Даже в конце августа 1954 года ФБР все еще не давала покоя мысль о коммунистическом заговоре под кодовым названием «Операция Оппенгеймер» с целью тайного вывоза ученого и его семейства за железный занавес. «Согласно плану, — гласило донесение ФБР, — Оппенгеймер должен сначала направиться в Англию, а оттуда — во Францию, где пропадет из виду с помощью советских агентов».
ФБР не могло уследить за Оппенгеймером, пока он был на острове Сент-Джон. Поэтому, когда 29 августа 1954 года Роберт вернулся самолетом в Нью-Йорк, агенты ФБР попросили его следовать за ними в отдельное помещение аэропорта. Оппенгеймер согласился, но потребовал, чтобы с ним была жена. В комнате фэбээровцы спросили открытым текстом, вступал ли он в контакт с советскими агентами на Виргинских островах и предлагалось ли ему перейти на их сторону. Русские, конечно, дураки дураками, ответил Оппенгеймер, но не настолько, чтобы выходить на него с такими предложениями. Если подобное когда-либо случится, он пообещал немедленно сообщить об этом в ФБР. После короткого допроса Оппенгеймерам разрешили покинуть аэропорт. Агенты отследили их возвращение в Принстон и на следующий день опять поставили их домашний телефон на прослушивание.
Невероятно, но в марте 1955 года, через шесть месяцев после возвращения Оппенгеймера, ФБР отправило группу агентов на Сент-Джон. Агенты расспрашивали местных, с кем разговаривал Оппенгеймер, пока был на острове.

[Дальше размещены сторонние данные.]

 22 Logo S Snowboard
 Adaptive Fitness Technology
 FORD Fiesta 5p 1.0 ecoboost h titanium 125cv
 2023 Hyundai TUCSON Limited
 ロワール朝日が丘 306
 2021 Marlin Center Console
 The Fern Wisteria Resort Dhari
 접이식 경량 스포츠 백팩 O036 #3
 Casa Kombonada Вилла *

За границей отреагировали на исход слушания с крайним удивлением. Европейская интеллигенция увидела в этом еще одно свидетельство того, что Америку охватила паранойя. «Как независимый, пытливый ум может существовать в подобной атмосфере?» — вопрошал Р. Г. С. Кроссман в ведущем либеральном еженедельнике Великобритании «Нью стейтсмен энд нейшн». В Париже Шевалье, получив экземпляр расшифровки показаний на слушании лично от Оппенгеймера, зачитал его вслух Андре Мальро. Оба были неприятно удивлены пассивностью Оппенгеймера на допросах. Мальро особенно беспокоило то, что Оппенгеймер, ничего не скрывая, отвечал на вопросы о политических взглядах своих друзей и коллег. Слушание превратило его в доносчика. «Проблема в том, — сказал Мальро Шевалье, — что он с самого начала принял условия своих обвинителей. <…> Ему следовало с порога заявить: “Je suis la bombe atomique!”, до конца стоять на том, что он создатель атомной бомбы и ученый, а не доносчик».

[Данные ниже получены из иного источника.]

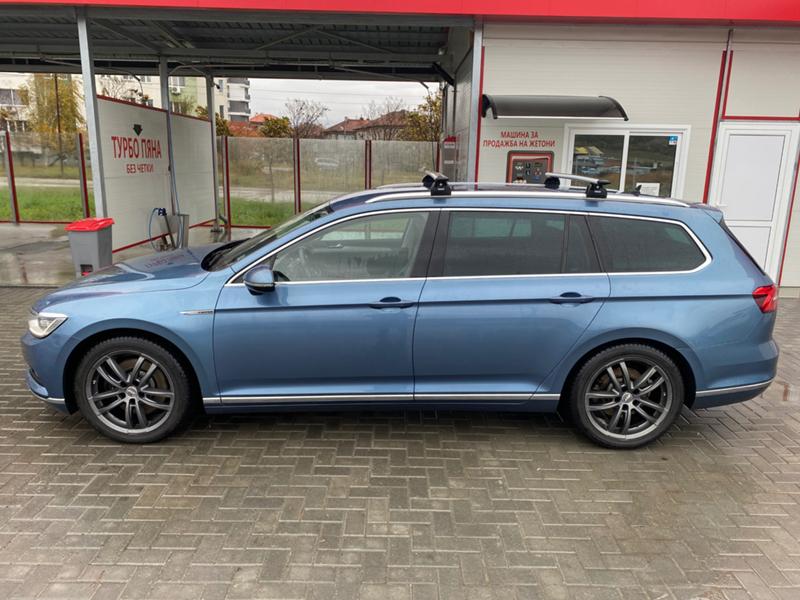 VW Passat B8 - изображение 4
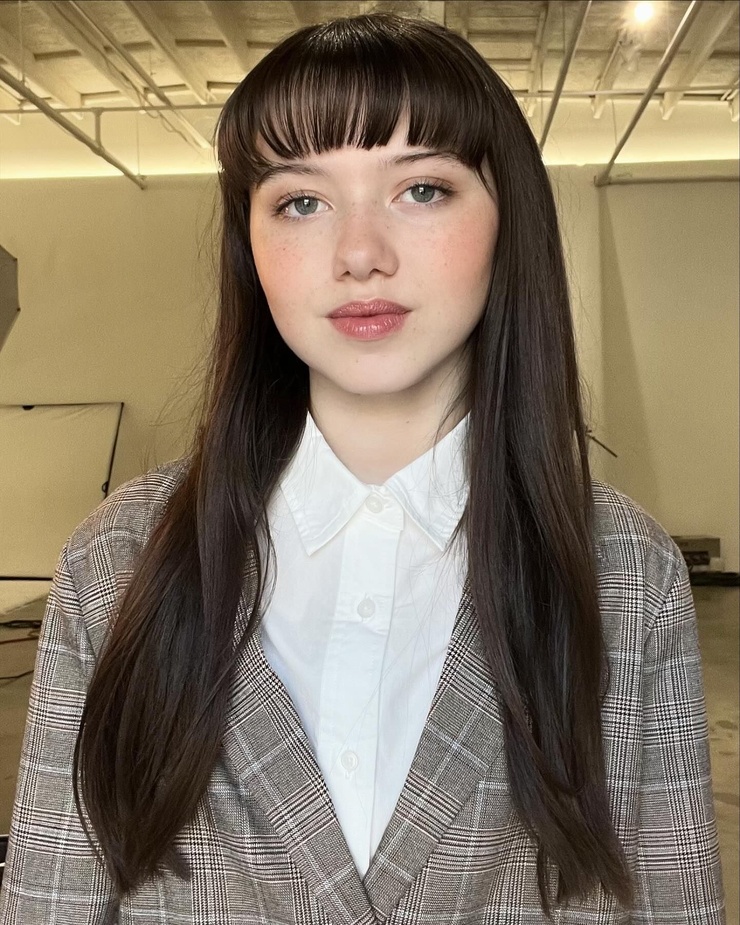 Violet McGraw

Поначалу казалось, что Оппенгеймеру было суждено стать парией, по крайней мере, в элитных кругах. Почти десятилетие он был не просто выдающимся ученым. Он был заметен и влиятелен как общественный деятель, а теперь вдруг пропал — не умер, но исчез из виду. Как потом писал в журнале «Лайф» Роберт Кофлан, «после расследования дисциплинарной комиссии 1954 года он прекратил свое существование как общественная фигура. <…> Оппенгеймер был одним из самых знаменитых людей мира, нет другого человека, которого столько бы хвалили, цитировали, фотографировали, просили дать совет, возвеличивали, почти боготворили как чудесный, восхитительный архетип героя нового типа, героя науки и ума, зачинателя и символа нового ядерного века. И вдруг никакой больше славы, и сам он тоже пропал». В медийном мире архетипический образ ученого-государственника унаследовал Теллер. «Восхваление Теллера в 1950-е годы сопровождалось, — писал Джереми Гандел, — что, вероятно было неизбежно, — очернением его главного соперника Дж. Роберта Оппенгеймера».

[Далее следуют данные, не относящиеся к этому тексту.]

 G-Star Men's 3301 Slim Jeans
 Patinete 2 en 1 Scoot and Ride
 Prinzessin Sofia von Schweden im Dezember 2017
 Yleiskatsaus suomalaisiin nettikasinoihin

Хотя Оппенгеймера изгнали из правительственных кругов, он стал для либералов символом всех пороков республиканской партии. Летом того же года «Вашингтон пост» опубликовала серию статей заместителя главного редактора Альфреда Френдли, которая, по наблюдениям ФБР, «представляла Оппенгеймера в положительном свете». В одной из статей, озаглавленной «ДРАМА ВОКРУГ УДИВИТЕЛЬНОЙ ОППЕНГЕЙМЕРОВСКОЙ РАСШИФРОВКИ», Френдли назвал слушание «драмой в духе Аристотеля», «по-шекспировски сочной и многогранной», «шпионскими страстями в стиле Эрика Эмблера» с сюжетом, запутаннее, чем в «Унесенных ветром», и «числом персонажей больше, чем в “Войне и мире”».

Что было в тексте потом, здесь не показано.